Paşa sakindi: Aklınızdan geçenleri tahmin ediyorum, dedi ve “Doğrudur. Görünüş tamamen aleyhimizde. Ama düşmanlarımız olan bu büyük devletlerin bir de iç yüzleri var.” diyerek devam etti.
-Nasıl Paşam?
-Anlatayım. Siz sanıyor musunuz ki savaşı kazanmakla müttefikler aralarındaki bütün sorunları çözmüşlerdir. Aralarındaki asıl rekabet şimdi başlayacaktır. Asırlarca birbirleriyle boğuşan Fransızlarla İngilizleri ortak düşman tehlikesi birleştirdi. Şimdi o eski rekabet, bıraktıkları yerden tekrar başlayacaktır. İtalya’nın da başı dertte. Onlar da her an bir iç karışıklık yaşayabilirler. Sonuçta, Anadolu’da başlayacak bir millî direnişle hiçbiri mücadele edecek durumda değildir. Böyle bir mücadelenin tam sırasıdır.
-Paşam, millî direniş… Güzel, ama neyle? Hangi askerle, hangi silahla,hangi parayla? Malesef Paşa’m, kupkuru bir çölden farksız oldu bu güzel vatanımız.
-Öyle görünür Refii Cevat Bey, öyle görünür.
Ama çölden bir hayat çıkarmak lazımdır. Çöl sanılan bu âlemde saklı ve kuvvetli hayat vardır. O, Türk milletidir. Eksik olan şey teşkilattır. Bu teşkilat organize edilebilirse vatan da millet de kurtulur.
Mustafa Kemal’e veda ettim; matbaaya geldim. Ne kafam almıştı ne mantığım. Daha doğrusu anlattıkları bana deli saçması gibi gelmişti. Matbaada arkadaşlar anlat diyorlardı; neler söyledi?
Anlattım: Şu sıralar Anadolu’ya geçilir, orada teşkilat kurulur, vatan bağımsızlığına kavuşur, millet de özgürlüğüne kavuşurmuş, anladınız mı arkadaşlar?

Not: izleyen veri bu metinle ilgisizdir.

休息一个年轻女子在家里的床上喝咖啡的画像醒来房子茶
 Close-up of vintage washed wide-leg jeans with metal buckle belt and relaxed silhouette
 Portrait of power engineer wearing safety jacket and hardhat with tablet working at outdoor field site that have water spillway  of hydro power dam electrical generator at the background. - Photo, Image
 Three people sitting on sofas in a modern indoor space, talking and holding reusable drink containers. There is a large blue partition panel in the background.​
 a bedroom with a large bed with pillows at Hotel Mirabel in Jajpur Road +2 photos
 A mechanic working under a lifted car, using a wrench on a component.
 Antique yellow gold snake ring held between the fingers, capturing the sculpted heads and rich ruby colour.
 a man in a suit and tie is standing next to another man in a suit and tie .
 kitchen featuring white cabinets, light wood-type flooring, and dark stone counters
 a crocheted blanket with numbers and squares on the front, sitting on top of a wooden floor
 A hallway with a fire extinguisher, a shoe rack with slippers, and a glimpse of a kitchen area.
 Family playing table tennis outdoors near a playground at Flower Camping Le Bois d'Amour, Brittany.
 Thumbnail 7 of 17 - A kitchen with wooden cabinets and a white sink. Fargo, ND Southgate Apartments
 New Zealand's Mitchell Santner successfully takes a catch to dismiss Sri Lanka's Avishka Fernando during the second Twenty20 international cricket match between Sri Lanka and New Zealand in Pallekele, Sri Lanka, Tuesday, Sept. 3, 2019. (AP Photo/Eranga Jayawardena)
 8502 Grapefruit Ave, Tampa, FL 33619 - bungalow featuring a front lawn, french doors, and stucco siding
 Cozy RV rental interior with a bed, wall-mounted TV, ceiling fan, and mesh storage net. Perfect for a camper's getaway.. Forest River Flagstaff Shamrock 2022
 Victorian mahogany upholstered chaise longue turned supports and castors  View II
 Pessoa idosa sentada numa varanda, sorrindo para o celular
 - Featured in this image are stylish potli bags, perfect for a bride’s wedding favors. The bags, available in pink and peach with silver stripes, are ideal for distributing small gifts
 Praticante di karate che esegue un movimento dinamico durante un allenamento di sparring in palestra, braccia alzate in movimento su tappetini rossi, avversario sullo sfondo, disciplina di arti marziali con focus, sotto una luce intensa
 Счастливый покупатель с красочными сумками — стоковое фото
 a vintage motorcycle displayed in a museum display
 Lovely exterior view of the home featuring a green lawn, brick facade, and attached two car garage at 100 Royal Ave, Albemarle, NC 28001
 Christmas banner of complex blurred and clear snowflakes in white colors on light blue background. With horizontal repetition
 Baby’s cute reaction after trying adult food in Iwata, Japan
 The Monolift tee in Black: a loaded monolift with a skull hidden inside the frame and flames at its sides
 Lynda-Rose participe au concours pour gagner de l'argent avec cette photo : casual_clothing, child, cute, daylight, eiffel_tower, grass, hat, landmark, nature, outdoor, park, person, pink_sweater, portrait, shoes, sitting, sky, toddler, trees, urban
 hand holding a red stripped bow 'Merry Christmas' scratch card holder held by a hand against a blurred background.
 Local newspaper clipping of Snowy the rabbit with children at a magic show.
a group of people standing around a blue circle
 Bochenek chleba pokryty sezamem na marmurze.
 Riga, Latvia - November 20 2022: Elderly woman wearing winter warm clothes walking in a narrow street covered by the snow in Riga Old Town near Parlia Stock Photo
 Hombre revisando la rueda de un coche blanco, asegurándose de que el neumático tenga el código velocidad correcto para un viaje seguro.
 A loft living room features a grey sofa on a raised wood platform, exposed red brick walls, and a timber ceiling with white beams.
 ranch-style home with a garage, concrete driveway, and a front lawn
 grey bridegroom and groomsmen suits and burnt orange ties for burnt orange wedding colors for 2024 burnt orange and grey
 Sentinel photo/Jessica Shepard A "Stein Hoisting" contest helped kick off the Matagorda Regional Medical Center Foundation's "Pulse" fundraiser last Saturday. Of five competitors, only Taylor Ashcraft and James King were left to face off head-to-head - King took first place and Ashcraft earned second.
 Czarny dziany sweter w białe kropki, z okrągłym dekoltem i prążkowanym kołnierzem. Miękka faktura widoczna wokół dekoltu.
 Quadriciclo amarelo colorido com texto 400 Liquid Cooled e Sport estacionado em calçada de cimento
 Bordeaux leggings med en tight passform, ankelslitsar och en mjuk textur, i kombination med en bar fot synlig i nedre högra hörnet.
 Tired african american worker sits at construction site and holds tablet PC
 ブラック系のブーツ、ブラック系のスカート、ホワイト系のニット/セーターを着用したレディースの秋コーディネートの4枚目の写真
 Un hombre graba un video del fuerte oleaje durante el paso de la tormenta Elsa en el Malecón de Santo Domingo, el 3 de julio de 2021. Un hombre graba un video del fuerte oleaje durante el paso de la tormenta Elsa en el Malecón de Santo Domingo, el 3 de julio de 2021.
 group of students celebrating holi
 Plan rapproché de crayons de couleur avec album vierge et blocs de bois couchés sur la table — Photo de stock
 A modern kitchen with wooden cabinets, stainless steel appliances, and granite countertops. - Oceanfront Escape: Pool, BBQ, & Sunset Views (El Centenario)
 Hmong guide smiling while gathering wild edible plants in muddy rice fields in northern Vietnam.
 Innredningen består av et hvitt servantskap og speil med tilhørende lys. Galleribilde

Bu deli değil, zırdeliymiş. O günlerde, o şartlar içinde İstiklal Mücadelesi’ne atılıp Türkiye’yi kurtarmaktan söz edenlere karşı herkes benim gibi düşünürdü. O günlerde böyle düşünen tek adam oydu; tek adam!” Kaynak: Atatürk’ün İstanbul’daki Hayatı, Sadi Borak, Kuleli Dergisi, 1996/1, Sayfa: 1-2
Kıymetli Ahmet Şafak, ‘Türk Milletine Mektup’ adlı eserinde Gazi Mustafa Kemal Atatürk’ü nasıl da bir çırpı da anlatıvermiş: “… Düşman oyunla oynaşla geliyor! Düşman sinsi! Düşman zalim! Kısık ateşle pişen kurbağa misali unutmak istiyorlar! Kapımıza dayanan tehlikeyi görmeyelim diye, gözümüzü boyayıp gönlümüzü avutmak istiyorlar! Sensin onların derdi! Sen, insanlığın yoldaşı! Sen Sakarya’nın, Dumlupınar’ın, Karahisar’ın gardaşı! Sen “Geldikleri gibi giderler!” diyen Sarışın Kurt! Sen, binlerce yıllık maziyi ‘Cumhuriyet’ evinde toplayan yurt! Ey! Benim milletim! “Türk’üm, özür dilerim, bu toprakları vatan yaptım, suçluyum!” demeni bekliyorlar! Onların dilleri çatal! Tek dişi mızrak! Hiçbir çuvala sığmaz! Nereden nereye geldik, inanılmaz! Ey! büyük milletim, ağıtlar deldi yüreğini! Şimdi çoşkuyla türküler söylemek vakti! Kaldır başını ve haykır “Ne mutlu Türk’üm diyene!” Sevdanı al eline, senin sevdandan geçilmez! “Türk’üm, doğruyum, yalnızım; ama Allah, benimledir.” de…”
Gazi Mustafa Kemal Atatürk’ün 78. ölüm yıl dönümü olan 10 Kasım Perşembe gününde; rahmet okuyacak, minnet duygumuzu ifade edecek ve bir o kadar da mirasına sahip çıkma iradesini haykırarak, anacağız. Anlatılan olayda örneklendiği gibi; stratejik zekaya sahip, ufku gören ve milletine güvenen ‘Tek Adam’ vasfındaki Atatürk’ün: “Birinci vazifen; Türk istiklalini, Türk Cumhuriyetini ilelebet muhafaza ve müdafa etmektir.” vasiyetinde söylediği gibi Cumhuriyet’e, değerlerine ve kazanımlarına sahip çıkmak, ‘Türk’üm!’ diyen her ferdin birinci vazifesi olmalıdır.
Son söz: “Tek Adam, Sarışın Kurt”u vefatının 78’nci seneidevriyesinde rahmet, şükran ve saygı ile anıyor ve anlıyorum. Şen ve esen kalınız.